= Bob Smart's Dream =

Poem by Robert W. Service

"Bob Smart's Dream" is a poem written by Robert W. Service while he lived in Whitehorse, Yukon, Canada. He presented it on March 19, 1906, at a banquet held to honour J.P. Rogers, the superintendent of the White Pass and Yukon Route. The real-life Bob Smart had been the government assayer at Whitehorse since 1903.

Imagining that "fifty years had sped," as Service wrote, Smart discovered a vastly different Whitehorse from the frontier town he knew that merely supplied transportation to and from the Klondike. It reflects a how technology and society might advance in 50 years from the point of view of someone living at the turn of the 20th century.

Smart dreamt that in 1956 there were industrial manufacturing plants ("stamp mills") and a smelter up on the ridge where the city's airport actually is located today. The Whitehorse Rapids had been dammed to power other factories, but instead, a hydroelectric project has actually been built. No smelter was ever built in the Yukon.

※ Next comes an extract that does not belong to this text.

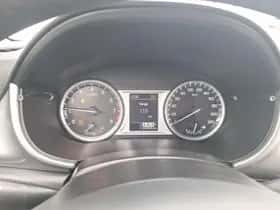 Suzuki Vitara (2017) thumbnail 23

Smart hears the roar of a trolley and steps out of its way; in actuality, there was no public transit in Whitehorse except during World War II (for military personnel only) and then since 1976, in the form of buses.

Smart crosses the Yukon on a big steel bridge. While the Robert Campbell Bridge was originally steel, it was damaged in 1973 and replaced with a concrete structure in 1975.

Smart visits Ear Lake Park, a garden spot to relax. Ear Lake was the location of a park, and actually, there have been occasional suggestions to make it into a suitable park and to run the waterfront trolley out that far. The waterfront trolley (actually a tram that pulls its own electric generator) is all that Whitehorse actually has for trolleys.

Smart stumbled along a cement sidewalk that had replaced wood, and looked up at a skyscraper where a tent had been before. An 18-storey steel building had replaced the White Pass Hotel. In fact, cement sidewalks replaced wooden ones in the early 1960s, and the "skyscrapers" of Whitehorse are no taller than four floors; one three-storey log cabin was built in the 1940s.

Smart saw beautiful suburbs with flower gardens.

Smart saw "Taylor and Drury's colossal department store." Alas, the Taylor and Drury mercantile chain has disappeared, and the largest department store, in the traditional sense, is now a Wal-Mart store located some distance from the downtown core that Smart trod in his dream.

Smart saw "the flyer just starting for Dawson, the bullion express coming in," a reference to a fast passenger train departing for the heart of the Klondike, and a freight train bringing more gold brought up from the creeks. In fact, no railroad ever was extended past Whitehorse, and there has been no scheduled train service even as far as Whitehorse since 1982.

Much of the poem's text is now part of a mural outside the council chamber in the city hall in Whitehorse.